My dog Maxi on the dog meadow just around the corner in Vinohrady. Photo GK

Johannes Urzidil, one of the forgotten writers from the 50 or so representatives of the once famous Prague group of German (mostly Jewish) writers starts the introduction of his book “There goes Kafka” (1965) with the question, “which aggregate of vital powers was it that contributed so much to this atmosphere full of poetry and creativity?” In this context one has to bear in mind that the Germans made up only about 10% of Prague’s population around 1900. The Czech genius of the 19th and the early 20th century was rather at home in the brilliant recreation of the Czech language, for long neglected and actually unwanted by the germanophone hardliners in the Austrian government, in the innovative architectural boom of the 1st Republic and in painting.

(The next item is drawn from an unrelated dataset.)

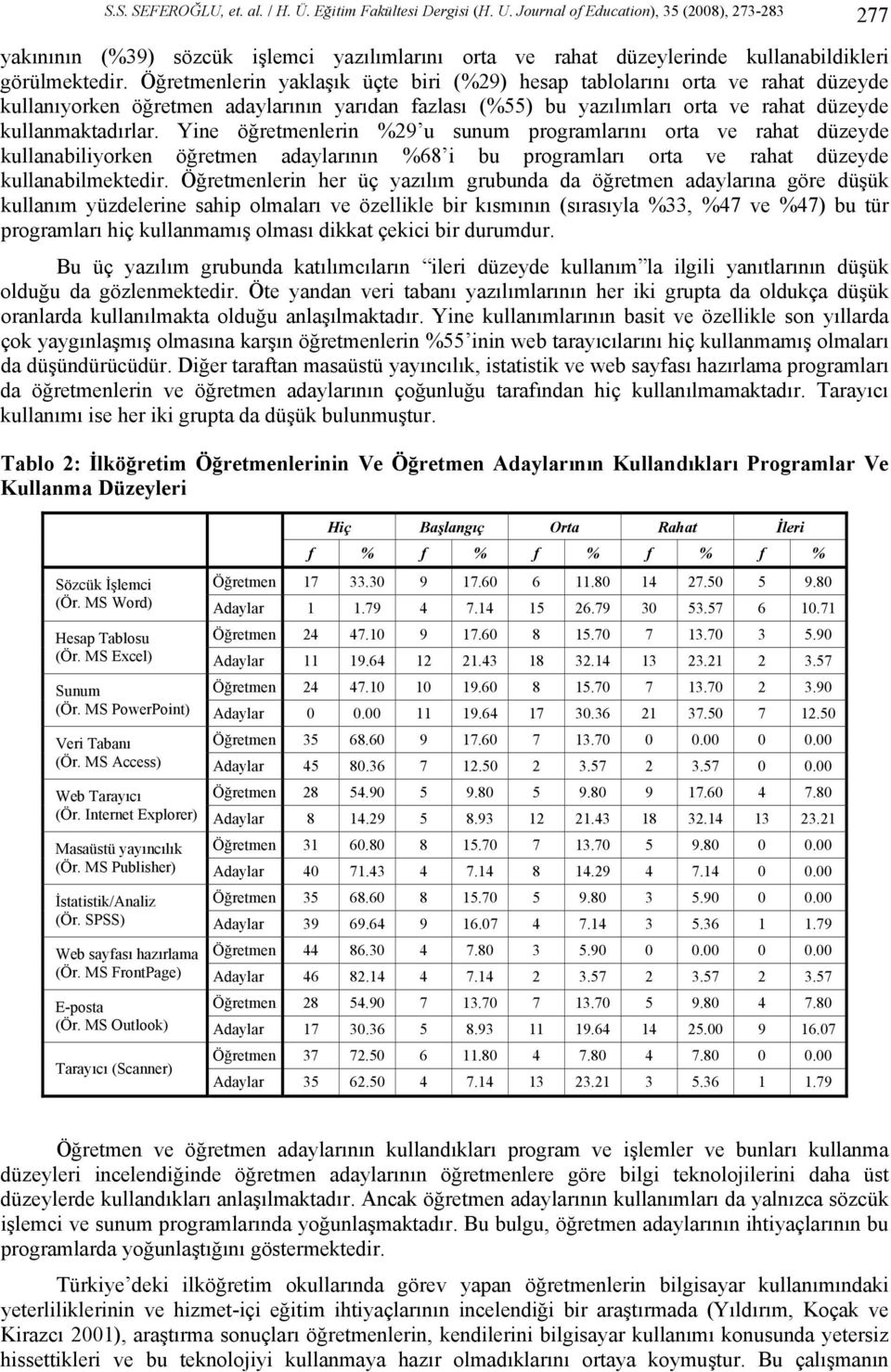 Öğretmenlerin yaklaşık üçte biri (%29) hesap tablolarını orta ve rahat düzeyde kullanıyorken öğretmen adaylarının yarıdan fazlası (%55) bu yazılımları orta ve rahat düzeyde kullanmaktadırlar.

Go to the Veletržní palác, the largest collection of the National Gallery, and be surprised about the unknown masterpieces there.

A “rural” mini cultural centre in Prague 5. Photo GK

Back to the green city: This aspect certainly contributes to the city’s uniqueness. You walk along an ugly, busy road, turn around a corner and you suddenly feel transposed into an almost fairytale-like surrounding. I’m not exaggerating, it happened to me several times (“…not in Kansas anymore…”).

Take the little train from Smíchov station and feel far away from the city after a 9 minute ride to Holyně.

Walk with me on my “Village To Village” tour from Staré Střechovice – through a grove to functionalist architecture of the early 20ies back to the village and down to busy Patočkova – not before standing in wonder at a fish pond embedded in apparently untouched greenery.

Take a bus, go to Malešice, walk for 10 minutes from the noisy four lane crossing up the street – the police school grounds in your back, you can see the local thermal power plant behind the trees – and up to an old baroque garden entrance. From there you practically float into the Botanical Garden of Jarov Gardening School, located on a steep slope above the spring of Rokytka creek. It’s the former garden and villa of Antonín Jirásko, producer of office furniture and millionaire.

The former fishpond east of Kajetánka. One can go on in this illusion until one bumps into the highway junction at Malovanka… Photo GK

Walk from Veleslavín, village and green enough, through a grove to super modern Hvězda residences and enter, past the former windmill, the peaceful gardens of Břevnov monastery. ….

My favourite view of Břevnov. Photo GK

I could enumerate many more examples.

I haven’t seen a “greener” city yet, and I’ve seen many cities.